Vale destacar que o governo Lula sofre pressão dessa área, que constantemente reclama da falta de ações, projetos e repasses para as instituições públicas de ensino superior. Além do reajuste e da reestruturação da carreira, a classe pede que haja mais investimento — sob o argumento da escassez de recursos para desenvolver pesquisas e até manter abertos os locais de ensino.

Orçamento das universidades é “insuficiente” para fechar 2024

Em entrevista ao Metrópoles, a reitora da Universidade de Brasília (UnB) e presidente da Associação Nacional dos Dirigentes das Instituições Federais de Ensino Superior (Andifes), Márcia Abrahão, voltou a defender a recomposição orçamentária destinada às universidades federais brasileiras. Segundo a gestora, o valor atual é “insuficiente”.

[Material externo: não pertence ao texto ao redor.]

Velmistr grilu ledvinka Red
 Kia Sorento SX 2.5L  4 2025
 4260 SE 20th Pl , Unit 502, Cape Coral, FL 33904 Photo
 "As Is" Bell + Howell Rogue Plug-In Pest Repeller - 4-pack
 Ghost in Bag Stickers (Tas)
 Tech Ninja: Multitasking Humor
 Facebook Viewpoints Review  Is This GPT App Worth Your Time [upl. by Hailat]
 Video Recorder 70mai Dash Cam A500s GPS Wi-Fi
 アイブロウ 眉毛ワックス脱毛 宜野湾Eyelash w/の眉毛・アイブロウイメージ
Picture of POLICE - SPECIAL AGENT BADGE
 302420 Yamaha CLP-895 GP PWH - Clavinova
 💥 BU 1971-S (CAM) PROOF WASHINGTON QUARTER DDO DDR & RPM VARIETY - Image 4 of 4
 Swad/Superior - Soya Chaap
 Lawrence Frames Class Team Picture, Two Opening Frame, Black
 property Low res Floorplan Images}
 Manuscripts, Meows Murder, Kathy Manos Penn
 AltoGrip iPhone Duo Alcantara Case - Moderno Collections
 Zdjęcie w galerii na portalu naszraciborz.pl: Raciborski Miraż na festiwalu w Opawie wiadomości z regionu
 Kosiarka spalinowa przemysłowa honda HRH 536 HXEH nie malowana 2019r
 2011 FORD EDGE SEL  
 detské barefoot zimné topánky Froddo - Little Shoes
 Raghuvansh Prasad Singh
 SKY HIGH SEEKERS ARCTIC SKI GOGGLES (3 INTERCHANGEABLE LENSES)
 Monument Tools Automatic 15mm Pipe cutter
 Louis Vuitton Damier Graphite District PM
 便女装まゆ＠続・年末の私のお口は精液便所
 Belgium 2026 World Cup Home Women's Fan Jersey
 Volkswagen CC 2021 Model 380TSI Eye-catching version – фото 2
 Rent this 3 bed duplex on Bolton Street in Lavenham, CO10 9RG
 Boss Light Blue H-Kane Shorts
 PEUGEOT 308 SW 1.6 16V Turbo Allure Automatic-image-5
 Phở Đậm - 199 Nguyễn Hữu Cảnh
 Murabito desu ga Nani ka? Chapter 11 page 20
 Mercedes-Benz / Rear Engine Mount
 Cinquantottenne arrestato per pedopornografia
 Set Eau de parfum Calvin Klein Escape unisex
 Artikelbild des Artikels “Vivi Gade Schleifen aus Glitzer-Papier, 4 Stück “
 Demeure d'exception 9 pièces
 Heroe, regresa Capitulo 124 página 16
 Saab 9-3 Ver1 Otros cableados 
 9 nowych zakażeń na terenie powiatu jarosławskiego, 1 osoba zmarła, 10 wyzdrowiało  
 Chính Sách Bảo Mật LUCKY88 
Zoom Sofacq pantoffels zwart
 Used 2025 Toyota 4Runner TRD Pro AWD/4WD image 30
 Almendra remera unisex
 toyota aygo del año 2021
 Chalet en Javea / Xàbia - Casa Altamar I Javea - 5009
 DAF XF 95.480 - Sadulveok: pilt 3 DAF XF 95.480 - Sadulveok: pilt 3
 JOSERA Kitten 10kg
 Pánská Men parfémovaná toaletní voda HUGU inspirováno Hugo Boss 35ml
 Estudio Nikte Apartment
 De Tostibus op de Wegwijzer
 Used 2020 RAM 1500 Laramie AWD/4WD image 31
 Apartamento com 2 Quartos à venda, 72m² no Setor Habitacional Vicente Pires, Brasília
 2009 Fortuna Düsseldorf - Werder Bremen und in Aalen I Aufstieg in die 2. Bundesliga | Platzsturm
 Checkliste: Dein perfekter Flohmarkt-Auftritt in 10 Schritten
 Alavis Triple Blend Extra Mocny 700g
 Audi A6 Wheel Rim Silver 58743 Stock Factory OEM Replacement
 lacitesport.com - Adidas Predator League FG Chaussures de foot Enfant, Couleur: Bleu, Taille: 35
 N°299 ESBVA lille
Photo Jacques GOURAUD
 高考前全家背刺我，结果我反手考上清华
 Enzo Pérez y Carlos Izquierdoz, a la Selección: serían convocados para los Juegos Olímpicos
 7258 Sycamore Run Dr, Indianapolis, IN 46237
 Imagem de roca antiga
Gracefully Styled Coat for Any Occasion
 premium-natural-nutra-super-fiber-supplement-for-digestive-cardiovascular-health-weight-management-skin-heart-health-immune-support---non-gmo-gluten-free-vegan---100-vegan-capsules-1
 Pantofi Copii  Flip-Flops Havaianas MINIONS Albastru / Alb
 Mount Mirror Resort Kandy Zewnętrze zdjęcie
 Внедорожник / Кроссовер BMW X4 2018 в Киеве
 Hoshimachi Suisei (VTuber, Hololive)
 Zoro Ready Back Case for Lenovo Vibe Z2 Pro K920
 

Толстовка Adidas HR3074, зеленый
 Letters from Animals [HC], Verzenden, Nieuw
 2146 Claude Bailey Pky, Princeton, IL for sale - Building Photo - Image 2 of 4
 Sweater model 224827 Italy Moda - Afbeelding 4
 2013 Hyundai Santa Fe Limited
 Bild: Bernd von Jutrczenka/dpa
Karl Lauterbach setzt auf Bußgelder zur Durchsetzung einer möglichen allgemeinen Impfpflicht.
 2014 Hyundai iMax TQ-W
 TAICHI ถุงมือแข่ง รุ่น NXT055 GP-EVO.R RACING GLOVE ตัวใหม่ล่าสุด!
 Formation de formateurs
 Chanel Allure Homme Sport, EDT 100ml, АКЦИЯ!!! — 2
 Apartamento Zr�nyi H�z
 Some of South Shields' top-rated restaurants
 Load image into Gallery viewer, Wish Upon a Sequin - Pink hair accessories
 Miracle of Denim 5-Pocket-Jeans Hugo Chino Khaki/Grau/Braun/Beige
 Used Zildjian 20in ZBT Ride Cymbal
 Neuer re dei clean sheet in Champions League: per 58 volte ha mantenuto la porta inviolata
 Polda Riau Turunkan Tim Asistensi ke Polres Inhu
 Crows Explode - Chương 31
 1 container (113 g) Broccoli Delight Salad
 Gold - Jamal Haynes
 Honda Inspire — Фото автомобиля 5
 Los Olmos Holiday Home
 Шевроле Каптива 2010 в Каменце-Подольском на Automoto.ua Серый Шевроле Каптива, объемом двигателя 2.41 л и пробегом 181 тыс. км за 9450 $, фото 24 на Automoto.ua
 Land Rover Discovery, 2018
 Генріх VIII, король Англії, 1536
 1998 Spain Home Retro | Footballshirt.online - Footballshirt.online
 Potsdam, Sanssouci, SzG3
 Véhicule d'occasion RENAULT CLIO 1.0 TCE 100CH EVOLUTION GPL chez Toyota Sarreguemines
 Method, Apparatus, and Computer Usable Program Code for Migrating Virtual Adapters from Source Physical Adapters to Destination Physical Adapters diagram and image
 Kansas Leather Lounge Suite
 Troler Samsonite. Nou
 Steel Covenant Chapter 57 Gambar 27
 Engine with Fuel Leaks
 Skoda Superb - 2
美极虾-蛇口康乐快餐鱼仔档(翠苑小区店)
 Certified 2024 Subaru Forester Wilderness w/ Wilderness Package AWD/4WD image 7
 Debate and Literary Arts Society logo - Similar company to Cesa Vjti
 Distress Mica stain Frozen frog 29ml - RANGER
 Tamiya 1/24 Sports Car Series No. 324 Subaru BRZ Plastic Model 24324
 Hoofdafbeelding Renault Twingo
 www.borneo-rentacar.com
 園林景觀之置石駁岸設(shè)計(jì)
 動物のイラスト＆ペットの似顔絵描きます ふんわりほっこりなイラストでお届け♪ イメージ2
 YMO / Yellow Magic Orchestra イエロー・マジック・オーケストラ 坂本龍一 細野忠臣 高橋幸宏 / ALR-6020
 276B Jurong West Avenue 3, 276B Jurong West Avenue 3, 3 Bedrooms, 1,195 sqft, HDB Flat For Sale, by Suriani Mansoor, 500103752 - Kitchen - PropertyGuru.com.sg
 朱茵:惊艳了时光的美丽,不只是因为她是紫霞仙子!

Ela disse que os reitores defendem que o financiamento para universidades federais em 2024 seja de cerca de R$ 8,5 bilhões — o que significaria adicional de cerca de R$ 2,5 bilhões no orçamento atual, que é de R$ 6,1 bilhões.

Até essa quarta-feira (5/6), ainda segundo a presidente da Andifes, essas instituições de ensino superior públicas usaram mais da metade do orçamento previsto para 2024. A reitora teme que, nesse ritmo, as universidades não fechem o ano.